=== RECORDS SUPPLIED ===
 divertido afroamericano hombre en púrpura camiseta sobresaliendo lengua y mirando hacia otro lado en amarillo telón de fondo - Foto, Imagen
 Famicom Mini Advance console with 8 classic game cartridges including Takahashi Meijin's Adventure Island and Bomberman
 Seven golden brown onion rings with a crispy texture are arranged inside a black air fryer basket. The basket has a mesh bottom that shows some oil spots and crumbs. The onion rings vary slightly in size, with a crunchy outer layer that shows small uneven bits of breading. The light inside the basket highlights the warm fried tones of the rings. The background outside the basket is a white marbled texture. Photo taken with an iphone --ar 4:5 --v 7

* * *

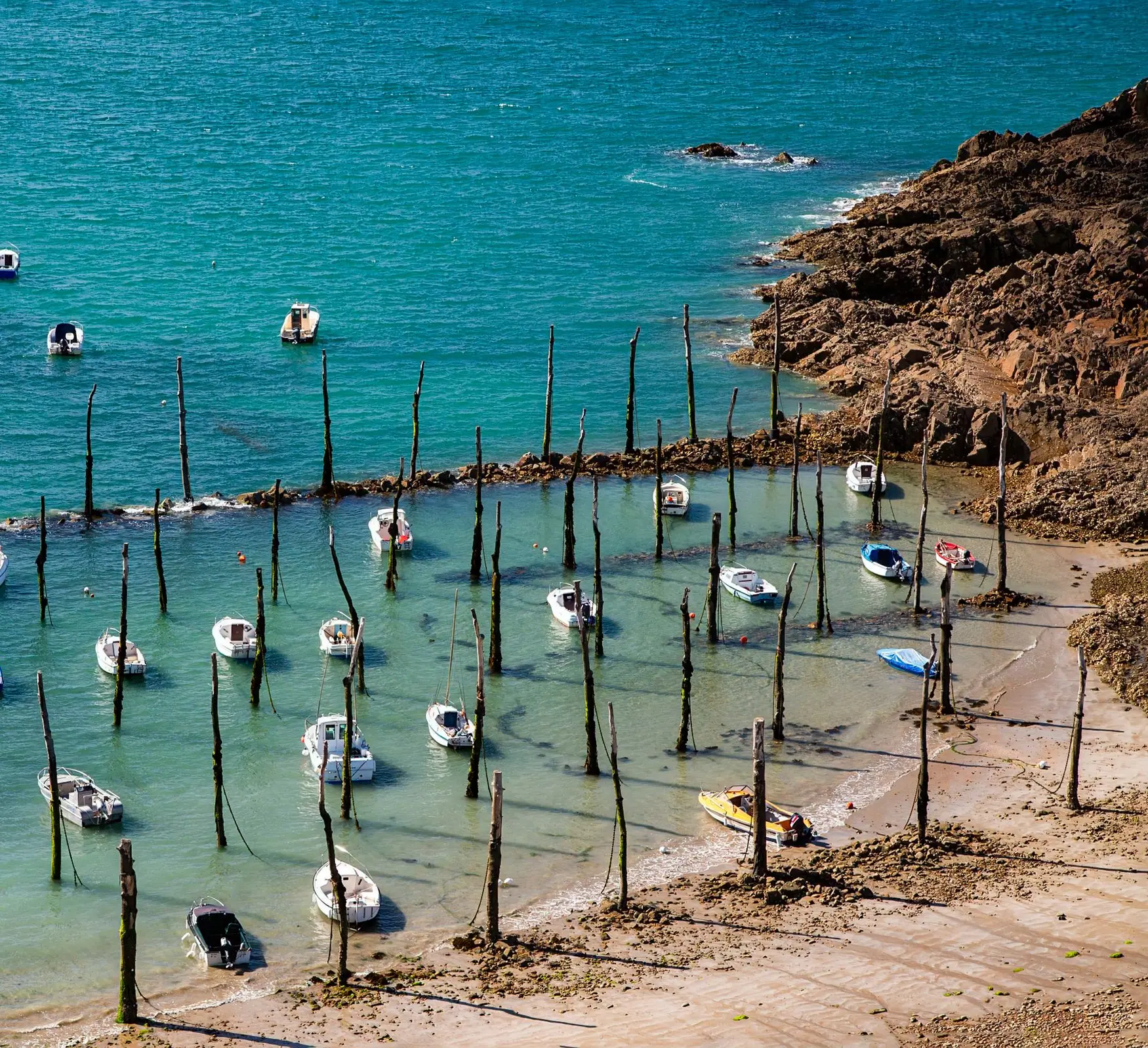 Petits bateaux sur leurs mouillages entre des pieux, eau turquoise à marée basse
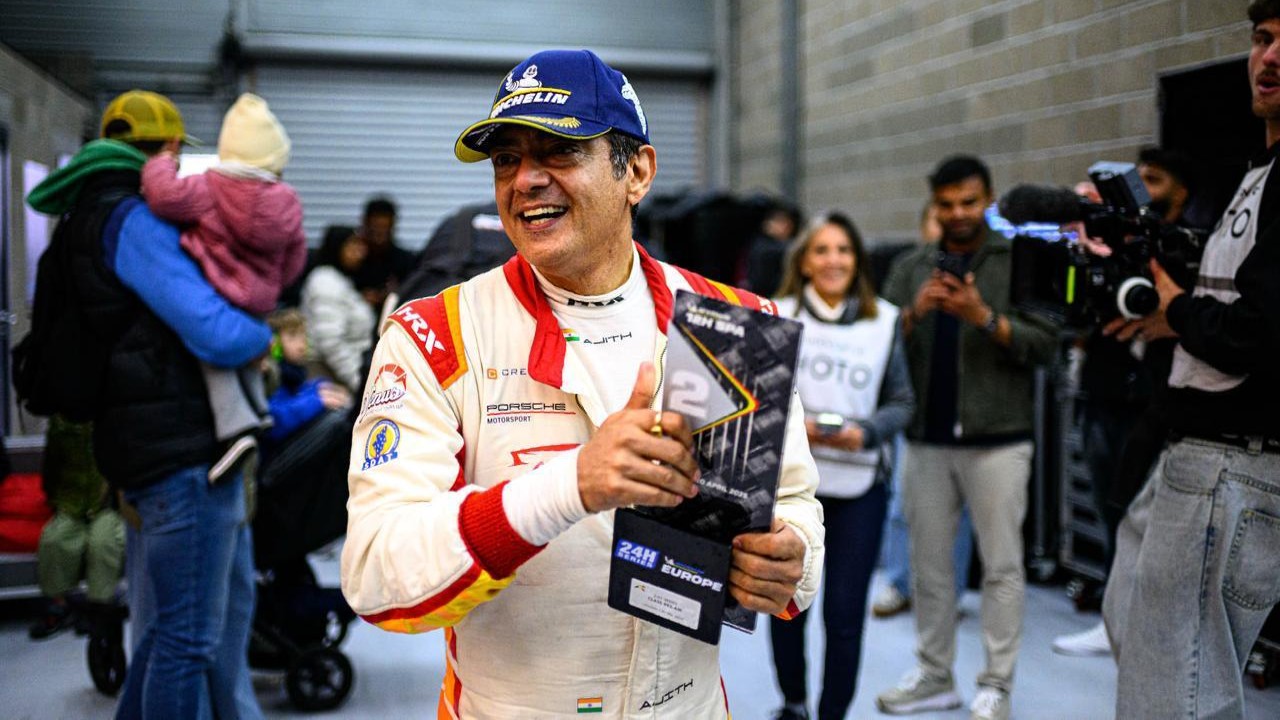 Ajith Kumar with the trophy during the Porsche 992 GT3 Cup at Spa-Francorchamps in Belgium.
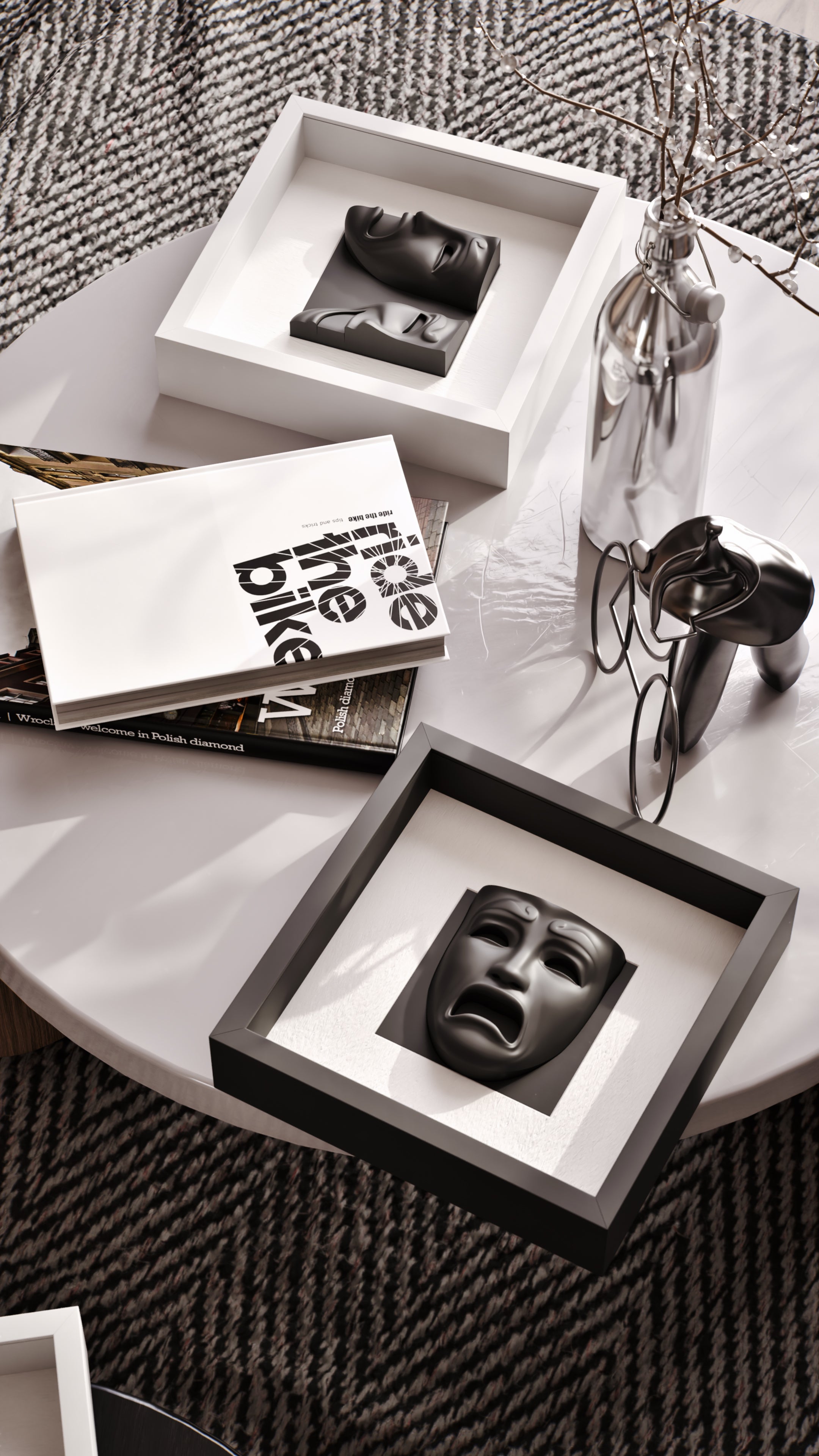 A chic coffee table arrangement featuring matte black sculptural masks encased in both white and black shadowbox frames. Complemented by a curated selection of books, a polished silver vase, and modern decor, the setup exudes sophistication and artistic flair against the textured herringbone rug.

==

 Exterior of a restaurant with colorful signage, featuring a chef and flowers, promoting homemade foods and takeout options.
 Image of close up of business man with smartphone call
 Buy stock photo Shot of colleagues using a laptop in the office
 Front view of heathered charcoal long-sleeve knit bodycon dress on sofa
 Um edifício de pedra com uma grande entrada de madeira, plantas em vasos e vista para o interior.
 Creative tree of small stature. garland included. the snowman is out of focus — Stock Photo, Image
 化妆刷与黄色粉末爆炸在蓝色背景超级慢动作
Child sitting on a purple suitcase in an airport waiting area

=== YOUR TASK ===
Look through the entries above and quote exactly the lines from the line with "Buy stock photo" to the line with "Child sitting on", counting both of those lines.

=== FINISHED EXERCISE ===
 Buy stock photo Shot of colleagues using a laptop in the office
 Front view of heathered charcoal long-sleeve knit bodycon dress on sofa
 Um edifício de pedra com uma grande entrada de madeira, plantas em vasos e vista para o interior.
 Creative tree of small stature. garland included. the snowman is out of focus — Stock Photo, Image
 化妆刷与黄色粉末爆炸在蓝色背景超级慢动作
Child sitting on a purple suitcase in an airport waiting area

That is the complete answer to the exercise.